Não é descabido associar a postura deste funcionário ao comportamento de Thomas aquando da avalanche de neve - fugiu para sobreviver -, ambos imbuídos naquilo que Kant chamaria de disposição para a animalidade (para os impulsos sensoriais, para necessidades fisiológicas, para prazeres imediatos), descurando, por momentos, aquilo que o filósofo alemão definiria como moralidade (seguir a razão e princípios éticos), precisamente o que Ebba fez: protegeu os filhos em momento de perigo. A certa altura Ebba diz ao casal amigo que o instinto dela foi proteger os filhos e o instinto de Thomas foi outro. Talvez Ebba seja quem melhor harmoniza animalidade e moralidade, numa visão equilibrada da vida, da humanidade, e quem mais próxima está do prazer moral kantiano. Numa conversa de Ebba com uma amiga/conhecida no hotel, surge uma discussão à volta das visões diametralmente opostas de vida conjugal / familiar: Ebba centrada e fechada no círculo marido-filhos; a amiga em relações fugazes com outros homens - tem uma relação aberta com o marido -, dividindo o tempo entre as suas 'aventuras' e a vida familiar. Ebba chega mesmo a ficar indignada com o comportamento e as opções da outra mulher, reforçando aqui a sua disposição para a moralidade.
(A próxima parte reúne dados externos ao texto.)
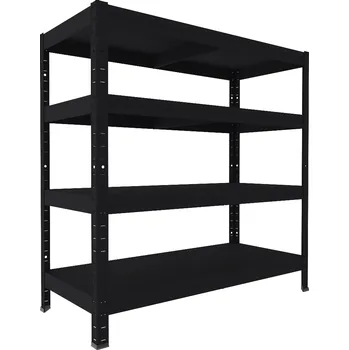 Dílenský regál Kovový regál do technické místnosti Biedrax 40 x 80 x 120 cm, černý - 4 police kovové
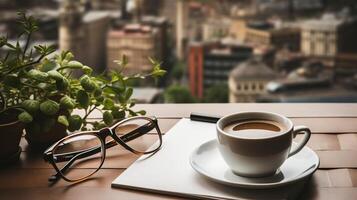 ai gegenereerd bedrijf concept. top visie van leeg notitieboekje, laptop, kop van koffie, sappig fabriek ans bril over- licht bureau. foto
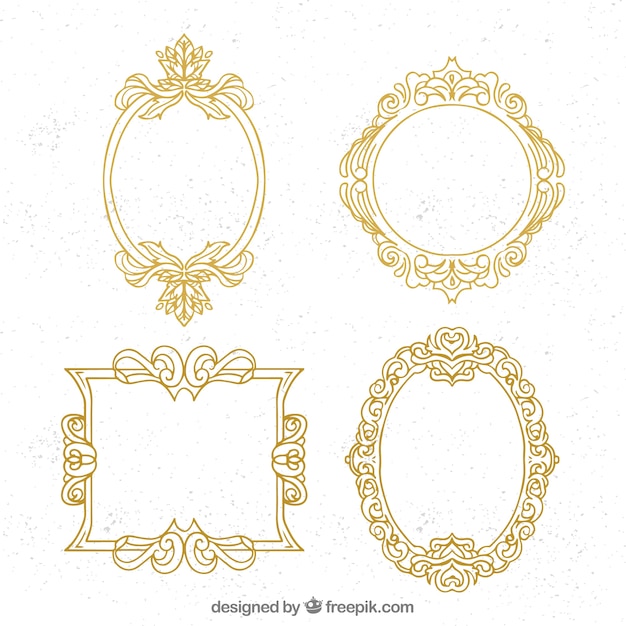 Pack of golden ornamental frames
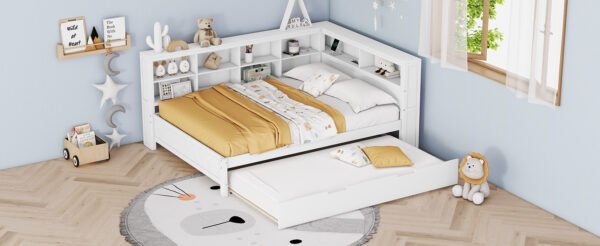 Wooden Full Size DayBed with Twin Size Trundle, DayBed with Storage Shelf and USB Charging Ports,White - Image 2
Mas, esse fardo da moralidade parece pesar cada vez mais em Ebba, ao ponto de sugar-lhe a felicidade - quando decide ir esquiar sozinha vemo-la em reflexão, provavelmente a medir o peso do fardo.
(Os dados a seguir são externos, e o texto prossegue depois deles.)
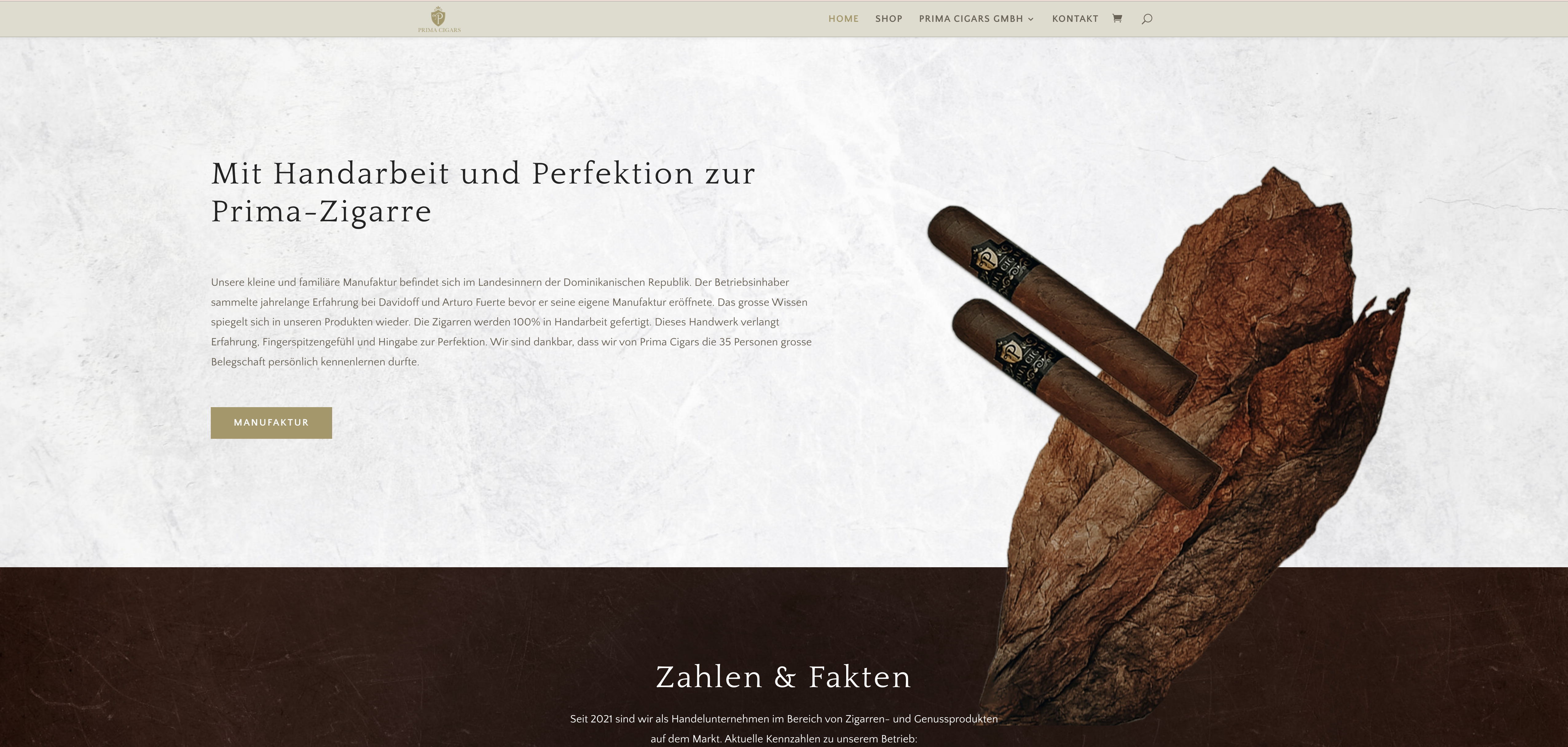 Webseite Primacigars.ch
Na verdade, quando vemos 'Força Maior' pela primeira vez ficamos com a sensação de plenitude, como se o filme tivesse cumprido o seu propósito, colocando-nos em reflexão, introspeção, observação e num acutilante suspense em contínuo, mesmo até ao final, porém, em visionamentos posteriores parece que parte da experiência que Ostlund põe em prática, ou em equação, fica congelada pela neve em volta; e aquele derradeiro plano dos viajantes a pé pela estrada, montanha abaixo, é como se estivesse a dizer-nos que esta experiência de exploração das reações do ser humano em contraste com o (politicamente) correto, os valores, a ética ou a razão iria seguir caminhada mais à frente com ' O Quadrado' (2017) e 'Triângulo da Tristeza' (2022).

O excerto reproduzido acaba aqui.